I would like to take this opportunity to dismiss the notion, put forward by a couple members of the local media, that my book, Fourth and Long, is unreliable. Not true. Not even close.

No work of nonfiction is factually perfect, and certainly no book of 350-some pages. But I’ll match my record for accuracy against anybody’s.

If you doubt it, ask the people inside the programs I explored. Here’s a quotation about the Penn State reporting from the York (PA) Daily Record, 8/26/2013:

"Reached this week, [Penn State Captain Mike] Mauti confirmed all of his quotes and verified the stories told through his eyes. ‘It's all true stuff,’ he said. ‘We lived it.’"

The book runs to more than 132,000 words, 352 pages, covering four programs in depth, plus Chicago, Notre Dame, Michigan State, the Big Ten and the NCAA -- from a century ago to the present. I interviewed several hundred people, compiled more than 1,500 pages of single-spaced, type-written notes, and filled a couple dozen reporters’ notebooks.

The result is a book dense with facts—two to four dozen on any given page, for a rough total of some 10,000 dates and places, names and numbers, and thousands of quotes.

But, as one of my mentors, the legendary University of Michigan, professor Sidney Fine, said, "There are no perfect books." No matter how hard we try, no matter how many expert readers review your copy, inevitably a few mistakes slip into the manuscript.

I immediately made three changes for the second printing (which is already shipping to stores) and the eBook.

 

  • Northwestern tailback Venric Mark is incorrectly identified as Mark Venric, which is what can happen when proofreaders in New York who are not familiar with Big Ten football go over your copy.
  • In the scene describing Jay Paterno’s outburst toward the Penn State players in the locker room, over a dozen players and staffers told me it occurred during the Nebraska game, the week after Sandusky was arrested. Not one person told me otherwise, so I had no reason to doubt it. (This is not the kind of fact you can Google.) When it came to my attention that it might have been the Illinois game, I immediately called up several players. They all still believed it was Nebraska. I wasn’t in that locker room, of course, and it turns out, based on the best assessment of the game situation and Drew Astorino’s recollection – which even he says is not 100-percent -- it probably was Illinois. Finding Astorino persuasive, I changed that – but it does not affect the point of the story.
  • Finally, in Athletic Director Dave Joyner’s outburst during the players-only meeting to decide whether to go to the TicketCity Bowl or not, he argued they should accept it for several reasons, including expected financial burdens, but obviously he did not know the NCAA would fine the program $60 million for the Sandusky scandal until the sanctions came down on the morning of Monday, July 23, 2012. An error of chronology, and that one is on me. I address Penn State’s NCAA sanctions a total of 34 times, on 28 different pages, from page 2 to page 339. My knowledge of what happened when, and how each penalty actually affected the program, is thorough. This fact appears earlier than it should. That’s been changed.

 

As for Snoop Dogg picking up Silas Redd in a limousine at the airport – which I mention in 14 words on page 3, and repeat on page 83 -- according to my notes, several Penn State players brought that up to me on August 28, and again on October 31, and others confirmed at various points during the season. As one player told me after the book published, "It was common knowledge." I stand by my reporting, and my sources.

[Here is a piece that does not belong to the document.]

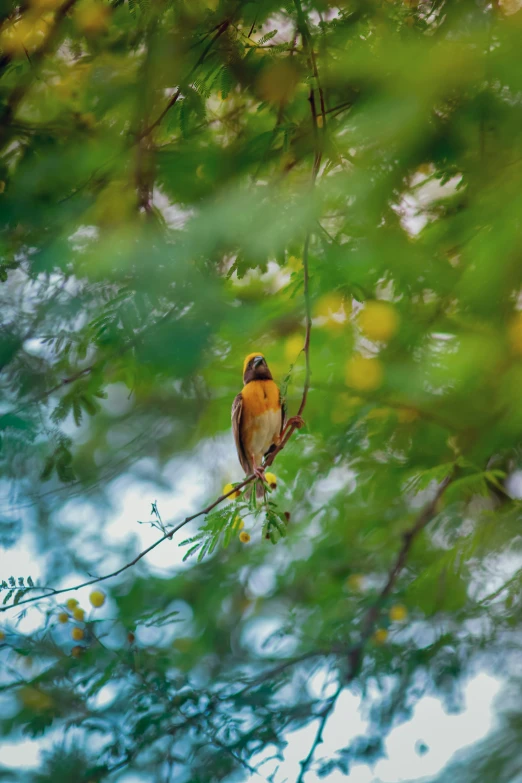 bird perched on top of nch while looking down from trees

I’ve been doing this work for over two decades, writing for The Wall Street Journal, The New York Times, Sports Illustrated, ESPN Magazine, and a couple dozen other national publications, in addition to producing six respected books. I do everything I can to ensure you are not only getting a compelling story, but a true one.

Is it a perfect book? No, it is not – like every other book ever published.

But is it a serious work of painstaking research and writing you can trust? Absolutely.

I hope you enjoy reading it as much as I enjoyed writing it.